● **WORK REQUEST**
Copy the lines below verbatim, but only from the line containing "Huoneisto Jumeirah Golf" through the end of the data.

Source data
□ □ □ □ □

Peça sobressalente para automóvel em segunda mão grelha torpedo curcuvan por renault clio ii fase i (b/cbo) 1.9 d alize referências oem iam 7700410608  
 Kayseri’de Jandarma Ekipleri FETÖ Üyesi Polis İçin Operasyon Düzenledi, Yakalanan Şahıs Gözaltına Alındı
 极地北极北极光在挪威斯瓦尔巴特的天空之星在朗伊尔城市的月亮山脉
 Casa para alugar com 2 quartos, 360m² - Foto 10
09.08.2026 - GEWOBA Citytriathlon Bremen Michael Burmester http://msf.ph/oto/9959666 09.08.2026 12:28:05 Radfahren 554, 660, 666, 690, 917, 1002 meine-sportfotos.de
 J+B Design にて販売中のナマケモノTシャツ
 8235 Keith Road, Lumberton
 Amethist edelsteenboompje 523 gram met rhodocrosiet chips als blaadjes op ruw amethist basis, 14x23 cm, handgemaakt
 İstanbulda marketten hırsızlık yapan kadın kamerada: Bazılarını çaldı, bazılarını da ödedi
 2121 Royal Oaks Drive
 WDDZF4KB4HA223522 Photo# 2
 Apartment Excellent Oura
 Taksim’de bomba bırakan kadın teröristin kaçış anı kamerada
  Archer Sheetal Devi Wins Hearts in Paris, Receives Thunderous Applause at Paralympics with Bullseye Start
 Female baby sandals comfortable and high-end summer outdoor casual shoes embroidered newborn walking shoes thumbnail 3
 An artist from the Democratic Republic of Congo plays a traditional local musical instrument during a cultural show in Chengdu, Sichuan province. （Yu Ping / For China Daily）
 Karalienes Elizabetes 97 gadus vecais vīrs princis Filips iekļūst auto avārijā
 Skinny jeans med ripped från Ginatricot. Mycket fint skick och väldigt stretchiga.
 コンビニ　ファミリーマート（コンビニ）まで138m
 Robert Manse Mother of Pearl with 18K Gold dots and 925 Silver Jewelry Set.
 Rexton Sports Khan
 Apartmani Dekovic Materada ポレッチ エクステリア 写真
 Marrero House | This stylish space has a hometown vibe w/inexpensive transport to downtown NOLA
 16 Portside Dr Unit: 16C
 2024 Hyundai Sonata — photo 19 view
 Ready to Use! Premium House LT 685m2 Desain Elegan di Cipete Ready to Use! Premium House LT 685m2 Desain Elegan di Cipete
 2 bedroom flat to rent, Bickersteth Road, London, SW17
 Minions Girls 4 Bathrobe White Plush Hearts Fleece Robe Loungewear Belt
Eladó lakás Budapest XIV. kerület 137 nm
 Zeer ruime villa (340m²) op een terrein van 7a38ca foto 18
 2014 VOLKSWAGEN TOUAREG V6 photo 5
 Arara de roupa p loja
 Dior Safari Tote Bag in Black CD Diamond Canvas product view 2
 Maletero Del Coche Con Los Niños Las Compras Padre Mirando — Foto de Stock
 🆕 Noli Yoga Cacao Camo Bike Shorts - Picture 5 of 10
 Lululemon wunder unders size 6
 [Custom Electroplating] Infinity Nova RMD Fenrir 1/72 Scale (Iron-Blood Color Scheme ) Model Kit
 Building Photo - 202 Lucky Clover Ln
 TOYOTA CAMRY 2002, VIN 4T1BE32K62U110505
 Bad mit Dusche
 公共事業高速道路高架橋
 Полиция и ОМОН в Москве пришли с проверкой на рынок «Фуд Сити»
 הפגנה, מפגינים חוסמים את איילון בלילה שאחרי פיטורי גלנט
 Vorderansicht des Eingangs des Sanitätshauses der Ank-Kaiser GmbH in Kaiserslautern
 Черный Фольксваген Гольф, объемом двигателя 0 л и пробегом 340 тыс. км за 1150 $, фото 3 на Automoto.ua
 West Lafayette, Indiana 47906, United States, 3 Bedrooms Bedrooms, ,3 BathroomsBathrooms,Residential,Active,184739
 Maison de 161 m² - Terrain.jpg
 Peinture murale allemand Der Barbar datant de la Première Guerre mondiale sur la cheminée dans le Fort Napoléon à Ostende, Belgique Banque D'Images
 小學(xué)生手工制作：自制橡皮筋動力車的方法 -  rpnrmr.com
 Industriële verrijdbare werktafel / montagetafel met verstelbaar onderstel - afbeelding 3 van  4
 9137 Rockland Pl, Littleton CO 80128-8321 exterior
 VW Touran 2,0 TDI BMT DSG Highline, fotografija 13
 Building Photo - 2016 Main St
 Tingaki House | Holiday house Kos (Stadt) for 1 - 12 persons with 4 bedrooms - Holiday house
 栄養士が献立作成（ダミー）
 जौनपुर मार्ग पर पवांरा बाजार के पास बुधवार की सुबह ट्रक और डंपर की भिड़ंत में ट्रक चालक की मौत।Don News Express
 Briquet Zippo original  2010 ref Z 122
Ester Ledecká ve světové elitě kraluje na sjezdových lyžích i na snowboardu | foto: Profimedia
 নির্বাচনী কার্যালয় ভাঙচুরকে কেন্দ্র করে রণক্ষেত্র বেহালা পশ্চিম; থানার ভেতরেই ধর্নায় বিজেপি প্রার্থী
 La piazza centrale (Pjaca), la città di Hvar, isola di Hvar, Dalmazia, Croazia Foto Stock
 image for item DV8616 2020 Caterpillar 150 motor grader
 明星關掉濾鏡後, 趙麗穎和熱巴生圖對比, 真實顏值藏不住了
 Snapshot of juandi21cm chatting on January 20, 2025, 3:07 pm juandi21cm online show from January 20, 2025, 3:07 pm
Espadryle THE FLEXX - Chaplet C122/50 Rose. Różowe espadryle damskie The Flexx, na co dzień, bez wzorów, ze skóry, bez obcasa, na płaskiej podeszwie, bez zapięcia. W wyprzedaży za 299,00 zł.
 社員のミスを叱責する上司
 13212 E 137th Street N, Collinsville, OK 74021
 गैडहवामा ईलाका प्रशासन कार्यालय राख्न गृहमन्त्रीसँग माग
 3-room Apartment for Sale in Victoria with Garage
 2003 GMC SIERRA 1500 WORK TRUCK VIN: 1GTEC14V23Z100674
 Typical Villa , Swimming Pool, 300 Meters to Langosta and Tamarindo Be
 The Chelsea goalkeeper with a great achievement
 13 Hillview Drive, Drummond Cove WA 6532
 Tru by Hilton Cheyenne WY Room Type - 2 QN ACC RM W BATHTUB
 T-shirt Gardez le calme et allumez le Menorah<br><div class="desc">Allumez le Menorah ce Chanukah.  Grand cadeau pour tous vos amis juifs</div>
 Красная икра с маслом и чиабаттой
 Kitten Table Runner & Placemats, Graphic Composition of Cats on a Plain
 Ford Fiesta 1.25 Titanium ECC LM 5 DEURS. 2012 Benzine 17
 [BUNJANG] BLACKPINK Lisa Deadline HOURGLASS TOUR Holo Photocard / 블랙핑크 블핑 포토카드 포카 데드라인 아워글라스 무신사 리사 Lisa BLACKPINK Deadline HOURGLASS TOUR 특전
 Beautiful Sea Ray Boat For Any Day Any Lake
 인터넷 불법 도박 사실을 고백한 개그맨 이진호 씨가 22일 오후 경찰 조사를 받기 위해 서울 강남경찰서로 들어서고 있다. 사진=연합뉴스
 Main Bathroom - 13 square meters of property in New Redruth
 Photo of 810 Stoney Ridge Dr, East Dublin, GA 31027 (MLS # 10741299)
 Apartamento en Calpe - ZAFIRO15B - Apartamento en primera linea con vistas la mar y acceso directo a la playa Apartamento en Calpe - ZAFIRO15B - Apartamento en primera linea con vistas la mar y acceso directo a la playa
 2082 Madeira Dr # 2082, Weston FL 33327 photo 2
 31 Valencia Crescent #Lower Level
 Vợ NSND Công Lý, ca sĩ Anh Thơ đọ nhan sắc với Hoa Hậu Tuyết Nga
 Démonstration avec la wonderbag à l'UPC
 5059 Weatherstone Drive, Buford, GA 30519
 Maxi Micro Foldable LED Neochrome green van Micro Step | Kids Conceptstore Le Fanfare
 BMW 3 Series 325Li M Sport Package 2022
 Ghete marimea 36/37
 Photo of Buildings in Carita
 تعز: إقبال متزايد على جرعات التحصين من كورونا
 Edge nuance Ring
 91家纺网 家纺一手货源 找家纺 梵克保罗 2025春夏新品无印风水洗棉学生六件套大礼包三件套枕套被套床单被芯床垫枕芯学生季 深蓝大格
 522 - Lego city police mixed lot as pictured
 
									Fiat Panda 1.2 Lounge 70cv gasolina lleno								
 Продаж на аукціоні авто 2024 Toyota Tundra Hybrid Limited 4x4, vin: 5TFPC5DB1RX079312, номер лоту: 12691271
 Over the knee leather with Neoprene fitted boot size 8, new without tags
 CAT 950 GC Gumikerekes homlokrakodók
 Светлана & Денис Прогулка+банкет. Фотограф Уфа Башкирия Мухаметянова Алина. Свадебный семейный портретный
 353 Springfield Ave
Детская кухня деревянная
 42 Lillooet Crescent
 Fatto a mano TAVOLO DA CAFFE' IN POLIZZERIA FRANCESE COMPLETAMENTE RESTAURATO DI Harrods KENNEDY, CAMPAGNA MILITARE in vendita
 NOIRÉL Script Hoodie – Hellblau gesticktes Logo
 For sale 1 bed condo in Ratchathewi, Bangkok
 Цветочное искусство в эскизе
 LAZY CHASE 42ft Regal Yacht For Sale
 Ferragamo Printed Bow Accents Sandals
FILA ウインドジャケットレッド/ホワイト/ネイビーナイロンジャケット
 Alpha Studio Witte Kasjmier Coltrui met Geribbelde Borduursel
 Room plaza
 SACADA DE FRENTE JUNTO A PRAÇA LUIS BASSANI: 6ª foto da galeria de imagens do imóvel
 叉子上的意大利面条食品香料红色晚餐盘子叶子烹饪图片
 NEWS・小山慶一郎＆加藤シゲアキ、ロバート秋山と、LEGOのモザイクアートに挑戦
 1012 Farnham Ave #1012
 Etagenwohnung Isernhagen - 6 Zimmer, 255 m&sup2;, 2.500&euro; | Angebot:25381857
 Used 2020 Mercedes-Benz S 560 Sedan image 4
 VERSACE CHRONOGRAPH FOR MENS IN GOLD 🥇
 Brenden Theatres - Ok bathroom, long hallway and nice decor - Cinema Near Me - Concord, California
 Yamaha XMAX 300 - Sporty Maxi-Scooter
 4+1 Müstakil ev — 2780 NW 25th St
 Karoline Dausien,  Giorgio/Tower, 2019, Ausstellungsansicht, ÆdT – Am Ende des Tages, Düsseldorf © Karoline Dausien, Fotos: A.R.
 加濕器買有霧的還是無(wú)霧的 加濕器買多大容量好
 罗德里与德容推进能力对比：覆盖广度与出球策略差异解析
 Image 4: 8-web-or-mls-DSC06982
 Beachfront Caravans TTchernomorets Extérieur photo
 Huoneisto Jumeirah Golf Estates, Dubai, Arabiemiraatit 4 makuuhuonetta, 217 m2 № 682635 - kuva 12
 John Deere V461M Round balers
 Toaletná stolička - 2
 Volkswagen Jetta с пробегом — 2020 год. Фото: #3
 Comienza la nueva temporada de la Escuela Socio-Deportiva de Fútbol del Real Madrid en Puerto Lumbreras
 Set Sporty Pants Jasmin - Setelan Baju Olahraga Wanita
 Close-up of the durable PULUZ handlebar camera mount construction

□ □ □ □ □

● **COMPLETED TASK**
 Huoneisto Jumeirah Golf Estates, Dubai, Arabiemiraatit 4 makuuhuonetta, 217 m2 № 682635 - kuva 12
 John Deere V461M Round balers
 Toaletná stolička - 2
 Volkswagen Jetta с пробегом — 2020 год. Фото: #3
 Comienza la nueva temporada de la Escuela Socio-Deportiva de Fútbol del Real Madrid en Puerto Lumbreras
 Set Sporty Pants Jasmin - Setelan Baju Olahraga Wanita
 Close-up of the durable PULUZ handlebar camera mount construction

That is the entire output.